## Directions for this task
The records below hold a stretch from the line with "独蒜剥皮技巧有哪些？如何快速去除独蒜皮？" through the line with "Sergino Dest met"; return exactly those lines, ends included, and nothing more.

(Excerpts from a dataset)
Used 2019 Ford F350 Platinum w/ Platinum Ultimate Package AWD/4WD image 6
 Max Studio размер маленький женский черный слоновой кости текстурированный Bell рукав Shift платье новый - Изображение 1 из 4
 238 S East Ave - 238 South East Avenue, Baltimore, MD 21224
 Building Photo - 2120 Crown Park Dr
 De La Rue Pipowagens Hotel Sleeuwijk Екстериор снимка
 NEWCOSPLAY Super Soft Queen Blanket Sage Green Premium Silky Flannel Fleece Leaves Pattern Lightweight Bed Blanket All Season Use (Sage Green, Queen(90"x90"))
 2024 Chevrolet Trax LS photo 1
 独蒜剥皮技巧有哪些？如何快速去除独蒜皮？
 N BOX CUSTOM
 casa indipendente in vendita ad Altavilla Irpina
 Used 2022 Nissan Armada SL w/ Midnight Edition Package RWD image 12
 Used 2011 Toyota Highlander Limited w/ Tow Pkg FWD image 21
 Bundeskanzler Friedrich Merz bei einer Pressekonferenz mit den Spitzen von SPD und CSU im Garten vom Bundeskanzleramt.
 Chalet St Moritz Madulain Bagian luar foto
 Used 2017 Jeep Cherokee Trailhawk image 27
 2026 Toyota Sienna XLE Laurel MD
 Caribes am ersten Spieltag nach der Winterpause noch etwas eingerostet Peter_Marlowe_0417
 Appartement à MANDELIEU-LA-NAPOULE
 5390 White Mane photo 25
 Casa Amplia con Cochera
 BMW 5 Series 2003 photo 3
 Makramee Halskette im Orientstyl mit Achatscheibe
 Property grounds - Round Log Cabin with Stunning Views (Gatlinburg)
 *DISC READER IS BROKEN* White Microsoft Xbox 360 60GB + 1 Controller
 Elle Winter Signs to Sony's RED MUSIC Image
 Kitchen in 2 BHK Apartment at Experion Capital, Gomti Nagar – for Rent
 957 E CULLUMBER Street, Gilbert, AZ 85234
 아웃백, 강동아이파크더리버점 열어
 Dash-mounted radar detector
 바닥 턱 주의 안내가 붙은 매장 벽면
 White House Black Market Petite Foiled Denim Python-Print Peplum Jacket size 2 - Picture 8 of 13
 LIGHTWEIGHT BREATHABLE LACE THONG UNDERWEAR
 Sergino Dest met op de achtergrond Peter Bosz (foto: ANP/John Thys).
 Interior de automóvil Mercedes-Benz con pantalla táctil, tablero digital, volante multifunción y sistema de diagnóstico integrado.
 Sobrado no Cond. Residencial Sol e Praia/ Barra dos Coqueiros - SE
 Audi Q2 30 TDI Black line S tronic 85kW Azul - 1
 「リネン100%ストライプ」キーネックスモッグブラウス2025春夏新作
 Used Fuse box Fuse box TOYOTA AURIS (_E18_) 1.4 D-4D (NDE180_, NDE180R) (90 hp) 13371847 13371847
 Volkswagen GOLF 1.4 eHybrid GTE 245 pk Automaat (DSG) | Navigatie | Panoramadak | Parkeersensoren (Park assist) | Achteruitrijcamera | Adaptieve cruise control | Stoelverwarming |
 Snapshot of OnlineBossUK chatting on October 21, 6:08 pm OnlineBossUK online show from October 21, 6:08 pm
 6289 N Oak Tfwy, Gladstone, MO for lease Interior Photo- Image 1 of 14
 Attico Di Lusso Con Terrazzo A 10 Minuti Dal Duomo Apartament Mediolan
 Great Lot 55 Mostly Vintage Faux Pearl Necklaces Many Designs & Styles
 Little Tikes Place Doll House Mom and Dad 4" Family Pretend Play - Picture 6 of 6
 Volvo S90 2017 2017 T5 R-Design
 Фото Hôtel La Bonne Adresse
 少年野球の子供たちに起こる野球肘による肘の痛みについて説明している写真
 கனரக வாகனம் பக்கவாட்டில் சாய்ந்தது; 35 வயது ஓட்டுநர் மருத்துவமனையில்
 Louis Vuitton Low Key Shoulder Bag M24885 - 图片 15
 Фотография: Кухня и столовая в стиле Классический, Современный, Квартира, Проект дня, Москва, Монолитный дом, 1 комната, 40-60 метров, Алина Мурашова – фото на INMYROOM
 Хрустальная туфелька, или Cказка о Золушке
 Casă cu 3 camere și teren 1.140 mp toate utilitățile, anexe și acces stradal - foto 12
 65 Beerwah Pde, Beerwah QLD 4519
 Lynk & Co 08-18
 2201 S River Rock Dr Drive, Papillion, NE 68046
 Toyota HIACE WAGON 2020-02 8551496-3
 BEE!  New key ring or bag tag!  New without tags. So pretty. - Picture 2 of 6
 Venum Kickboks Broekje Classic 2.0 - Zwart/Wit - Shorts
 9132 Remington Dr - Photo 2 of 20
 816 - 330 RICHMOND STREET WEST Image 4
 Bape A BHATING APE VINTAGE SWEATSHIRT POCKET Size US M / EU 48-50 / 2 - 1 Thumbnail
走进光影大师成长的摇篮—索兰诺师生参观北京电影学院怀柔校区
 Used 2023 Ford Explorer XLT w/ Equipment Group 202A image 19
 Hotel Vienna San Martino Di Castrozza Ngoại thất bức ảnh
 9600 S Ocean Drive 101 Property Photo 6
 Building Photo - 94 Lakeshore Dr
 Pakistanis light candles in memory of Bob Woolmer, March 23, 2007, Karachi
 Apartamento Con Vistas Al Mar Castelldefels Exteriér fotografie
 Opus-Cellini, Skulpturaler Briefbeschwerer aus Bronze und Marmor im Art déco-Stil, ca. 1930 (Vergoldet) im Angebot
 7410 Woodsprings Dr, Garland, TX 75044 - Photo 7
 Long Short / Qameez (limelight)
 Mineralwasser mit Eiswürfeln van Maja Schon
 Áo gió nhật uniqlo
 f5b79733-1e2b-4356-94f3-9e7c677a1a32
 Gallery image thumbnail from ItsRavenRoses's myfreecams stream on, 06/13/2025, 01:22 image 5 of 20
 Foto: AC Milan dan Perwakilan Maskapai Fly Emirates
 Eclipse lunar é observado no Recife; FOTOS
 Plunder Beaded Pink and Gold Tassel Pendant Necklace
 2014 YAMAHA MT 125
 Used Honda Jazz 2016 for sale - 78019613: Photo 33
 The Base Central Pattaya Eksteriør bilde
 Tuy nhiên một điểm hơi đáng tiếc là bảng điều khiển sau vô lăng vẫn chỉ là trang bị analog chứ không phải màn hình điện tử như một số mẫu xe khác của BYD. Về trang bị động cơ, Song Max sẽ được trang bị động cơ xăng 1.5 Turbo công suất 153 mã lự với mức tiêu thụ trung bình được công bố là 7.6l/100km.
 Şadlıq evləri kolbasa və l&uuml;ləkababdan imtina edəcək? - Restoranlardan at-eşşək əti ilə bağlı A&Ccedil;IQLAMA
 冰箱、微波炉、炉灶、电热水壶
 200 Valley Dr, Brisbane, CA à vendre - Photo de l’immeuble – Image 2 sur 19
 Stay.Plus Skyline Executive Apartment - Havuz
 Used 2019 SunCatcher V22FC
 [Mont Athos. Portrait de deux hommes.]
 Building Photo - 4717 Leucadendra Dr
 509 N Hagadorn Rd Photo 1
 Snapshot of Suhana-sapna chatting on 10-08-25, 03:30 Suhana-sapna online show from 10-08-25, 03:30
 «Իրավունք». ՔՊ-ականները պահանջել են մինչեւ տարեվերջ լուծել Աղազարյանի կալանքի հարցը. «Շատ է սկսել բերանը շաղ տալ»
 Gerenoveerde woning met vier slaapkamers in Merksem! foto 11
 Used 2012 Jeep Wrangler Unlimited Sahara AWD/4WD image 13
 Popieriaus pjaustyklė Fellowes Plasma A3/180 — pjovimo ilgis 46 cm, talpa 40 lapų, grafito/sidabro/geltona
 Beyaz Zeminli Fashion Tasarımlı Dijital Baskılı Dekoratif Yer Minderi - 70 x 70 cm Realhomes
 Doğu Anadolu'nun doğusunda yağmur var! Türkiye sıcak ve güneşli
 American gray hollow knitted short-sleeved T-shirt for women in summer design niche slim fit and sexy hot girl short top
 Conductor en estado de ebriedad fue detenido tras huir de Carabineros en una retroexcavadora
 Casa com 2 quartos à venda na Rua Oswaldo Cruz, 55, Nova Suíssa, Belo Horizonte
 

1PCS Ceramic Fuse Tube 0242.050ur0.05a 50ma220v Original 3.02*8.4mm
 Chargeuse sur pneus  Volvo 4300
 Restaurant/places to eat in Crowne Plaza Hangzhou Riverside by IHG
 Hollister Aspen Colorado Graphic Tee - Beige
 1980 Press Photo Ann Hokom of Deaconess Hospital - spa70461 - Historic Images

## Task result
 独蒜剥皮技巧有哪些？如何快速去除独蒜皮？
 N BOX CUSTOM
 casa indipendente in vendita ad Altavilla Irpina
 Used 2022 Nissan Armada SL w/ Midnight Edition Package RWD image 12
 Used 2011 Toyota Highlander Limited w/ Tow Pkg FWD image 21
 Bundeskanzler Friedrich Merz bei einer Pressekonferenz mit den Spitzen von SPD und CSU im Garten vom Bundeskanzleramt.
 Chalet St Moritz Madulain Bagian luar foto
 Used 2017 Jeep Cherokee Trailhawk image 27
 2026 Toyota Sienna XLE Laurel MD
 Caribes am ersten Spieltag nach der Winterpause noch etwas eingerostet Peter_Marlowe_0417
 Appartement à MANDELIEU-LA-NAPOULE
 5390 White Mane photo 25
 Casa Amplia con Cochera
 BMW 5 Series 2003 photo 3
 Makramee Halskette im Orientstyl mit Achatscheibe
 Property grounds - Round Log Cabin with Stunning Views (Gatlinburg)
 *DISC READER IS BROKEN* White Microsoft Xbox 360 60GB + 1 Controller
 Elle Winter Signs to Sony's RED MUSIC Image
 Kitchen in 2 BHK Apartment at Experion Capital, Gomti Nagar – for Rent
 957 E CULLUMBER Street, Gilbert, AZ 85234
 아웃백, 강동아이파크더리버점 열어
 Dash-mounted radar detector
 바닥 턱 주의 안내가 붙은 매장 벽면
 White House Black Market Petite Foiled Denim Python-Print Peplum Jacket size 2 - Picture 8 of 13
 LIGHTWEIGHT BREATHABLE LACE THONG UNDERWEAR
 Sergino Dest met op de achtergrond Peter Bosz (foto: ANP/John Thys).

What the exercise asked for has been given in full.